Tratar con la historia no escrita del teatro ha sido un patrimonio común desde que el hombre existe, tendríamos que remontarnos a la historia misma de la humanidad ya que no pertenece a ninguna raza, período o cultura en particular.
Sin embargo, los que dieron nombre a estos ritos como teatro fueron los antiguos griegos, en occidente tiene sus raíces en Atenas, entre los siglos VI y V A. C, junto con esta materialización, se materializaría de alguna manera también la profesión de actor. Los romanos, basándose en los griegos, continuaron creando teatro aunque este evoluciono hacia un aspecto más político.
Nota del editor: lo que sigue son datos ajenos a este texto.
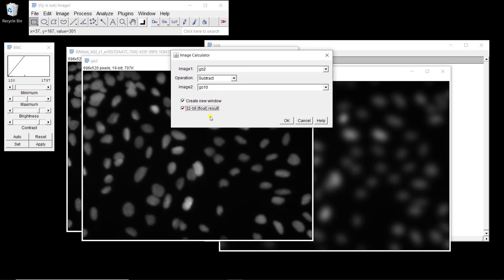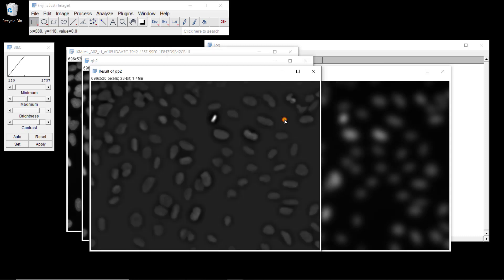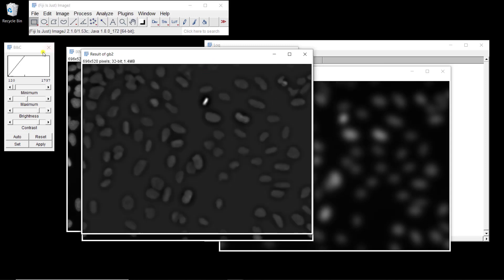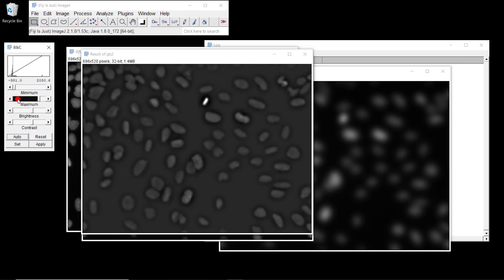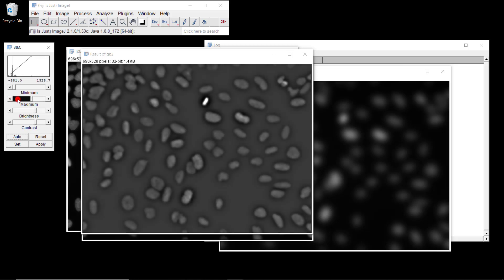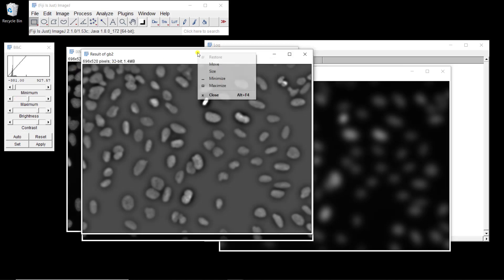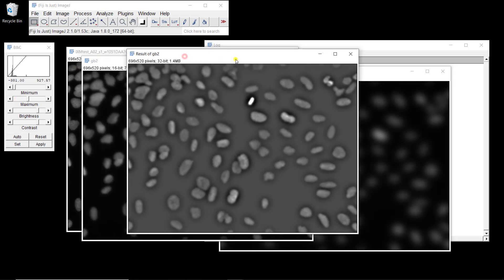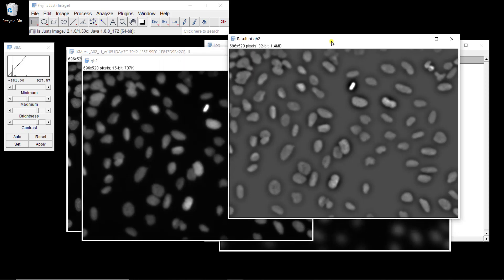This is the result. Maybe different filter sizes would have been more appropriate, but this works. When you look at this, it might be easier to threshold this image than to threshold the original image.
Elevaron al teatro hacia la ostentación creando grandes formas arquitectónicas que nada tenían que ver con las construcciones de madera de los griegos.
El teatro, siguió evolucionando y con el la manera de interpretar de los actores, en el medievo tenia un carácter didáctico y religioso, en el siglo XVI, en España, empieza el camino hacia una modernización, la comedia del arte,… todo un monto de corrientes que elevaron al teatro o lo sumergieron según la época, pero que hay de la interpretación.
Hasta finales del s.XIX, no existe una manera de interpretar, es Stanislavsky, el que empieza a demandar una forma interpretativa más realista y menos artificiosa el que desde 1907 hasta su muerte se baso en la psicología para crear técnicas de actuación que han sido conocidas como “El Sistema”, una manera de interpretar que nada tenia que ver con la actuación sostenida por un estudiado uso de la voz y de la gestualidad y que además no se correspondía con la manera real de sentir del ser humano.
Autor de “Un actor se prepara”, “Construyendo un personaje”, “Creando un personaje” y “Mi vida en el Arte”, Stanislavsky desarrolló su técnica con el fin de hacer que los personajes se vieran “vivos” en el escenario. Para lograr esto, invertía bastante tiempo en ensayos enfocándose en la vida interna de los personajes. Las distintas etapas de su sistema interpretativo son: Las circunstancias previas, el objetivo/superobjetivo, el mágico “si”, la relajación, concentración y la memoria emocional o memoria afectiva, esta ultima solo debe usarse en casos muy específicos y debe ser dirigida por profesionales de la materia pues se han dado casos de algunos abusos que ha llevado a jóvenes actores a situaciones que requieren ayuda psiquiátrica.
Tras Stanislavsky muchos de los alumnos, han sido los nuevos maestros del sistema, revisándolo y complementándolo en diferentes aspectos en los que diferían con el autor. Cabe destacar a Meyerhold, M.Chéjov y E. Vajtanov, en busca de cierta teatralidad más imaginativa, sobrepasando los límites de la cotidianeidad, que quedo pronto ahogada por el realismo socialista.
Por su parte, es Richard Boleslavsky uno de sus actores que emigran a Estados Unidos, será el encargado de difundir sus conocimientos, principalmente su “Memoria de la emoción” cuyos ejercicios buscaban conmover la imaginación de los principiantes. La emoción personal y natural se convirtió en la clave de la preparación y la actuación americana.
En 1931 se forma en Nueva York el Group Theatre, bajo la dirección de Lee Stragberg, Harold Cluman y Cheryl Crawford, a esas personalidades se unen más tarde otras (Stella Alder, Robert Lewis, Uta Hagen, Standford Meissnser, entre otros) que desarrollan una versión norteamericana de “el sistema”, convirtiéndose en el llamado “método”, apoyado en las teorías de Boleslavsky y en las de el propio Stanislavsky. El conocimiento que llega a España y Latinoamérica de el “Sistema”, llega sobre todo de EE.UU., del citado “método”, sin embargo, hay que destacar la inolvidable aportación de William Layton (discípulo de Sandford Meissner), que ha contribuido a aportar veracidad y responsabilidad al trabajo de los actores españoles.
Las fuertes dificultadas a las que fue sometido el sistema, por los diferentes alumnos de Stanislavsky, hizo revisar al maestro algunas de sus aproximaciones y así surge al final de su vida “Sistema de las acciones físicas” donde vuelve a cobrar importancia la acción física, completando la creación psíquica o mental del personaje.
Así podemos decir que hasta día de hoy no hay ningún método interpretativo que sustituya al de Stanislavsky, sin embargo si hay muchos discípulos y autores que han ido corrigiendo y completando algunos aspectos del método, llevándolo a una evolución interpretativa que aun hoy sigue debatiéndose, completándose y ampliándose en un método eficaz hacia la creación de un personaje.